I am experimenting with using notmuch remotely over ssh (as in the
NEWS file; i.e. with a script containing ssh user@host notmuch "$@")
This is mostly excellent but it seems to get confused by some queries.
For example those containing brackets or just consisting of *. I think
this is a problem with ssh spawning a shell on the remote machine
which doesn't like the brackets or *.

Explicitly to reproduce the problem start notmuch with a remote
database using a script as above;
type * in the search box;
and emacs shows:
End of search results. (process returned 1)

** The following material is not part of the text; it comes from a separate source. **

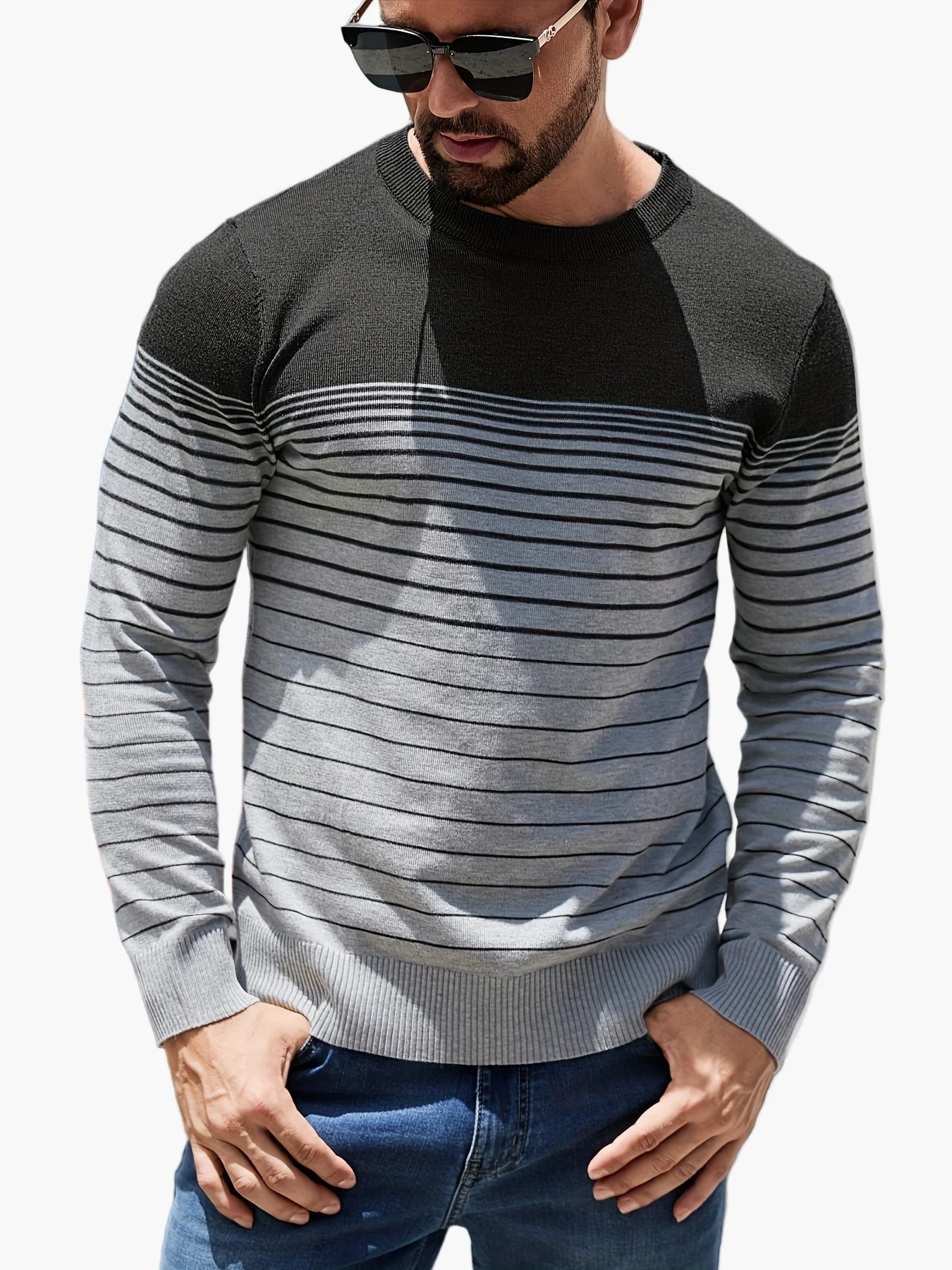 Herren Pullover Casual Streifenmuster Langarm – Stilvoll für Alltag und Freizeit - Image 5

If you search for "*" you get the expected results.

Mark

^ permalink raw reply	[flat|nested] 4+ messages in thread

* Re: Bug in remote use of notmuch
  2010-11-10 19:34 Bug in remote use of notmuch Mark Walters
@ 2010-11-18 21:08 ` Michal Sojka
  2010-11-19  1:30   ` Austin Clements
  0 siblings, 1 reply; 4+ messages in thread
From: Michal Sojka @ 2010-11-18 21:08 UTC (permalink / raw)
  To: Mark Walters, notmuch

On Wed, 10 Nov 2010, Mark Walters wrote:
> I am experimenting with using notmuch remotely over ssh (as in the
> NEWS file; i.e. with a script containing ssh user@host notmuch "$@")
> This is mostly excellent but it seems to get confused by some queries.
> For example those containing brackets or just consisting of *. I think
> this is a problem with ssh spawning a shell on the remote machine
> which doesn't like the brackets or *.
> 
> Explicitly to reproduce the problem start notmuch with a remote
> database using a script as above;
> type * in the search box;
> and emacs shows:
> End of search results. (process returned 1)

Hi Mark,

you are right, that there are problems with the queries containing shell
meta characters. AFAIK the probelm is not caused by the remote shell, as
 notmuch is there invoked directly by ssh, but by the shell invoking the
ssh. I do not know precisely why, but the following script seems to work
correctly even for the queries containing shell meta characters. It uses
bash's printf extension to print shell-quoted version of a string.

  #!/bin/bash
  printf -v args "%q " "$@"
  ssh example.org notmuch $args

-Michal

^ permalink raw reply	[flat|nested] 4+ messages in thread

* Re: Bug in remote use of notmuch
  2010-11-18 21:08 ` Michal Sojka
@ 2010-11-19  1:30   ` Austin Clements
  2010-11-19  9:06     ` Michal Sojka
  0 siblings, 1 reply; 4+ messages in thread
From: Austin Clements @ 2010-11-19  1:30 UTC (permalink / raw)
  To: Michal Sojka; +Cc: notmuch

[-- Attachment #1: Type: text/plain, Size: 1732 bytes --]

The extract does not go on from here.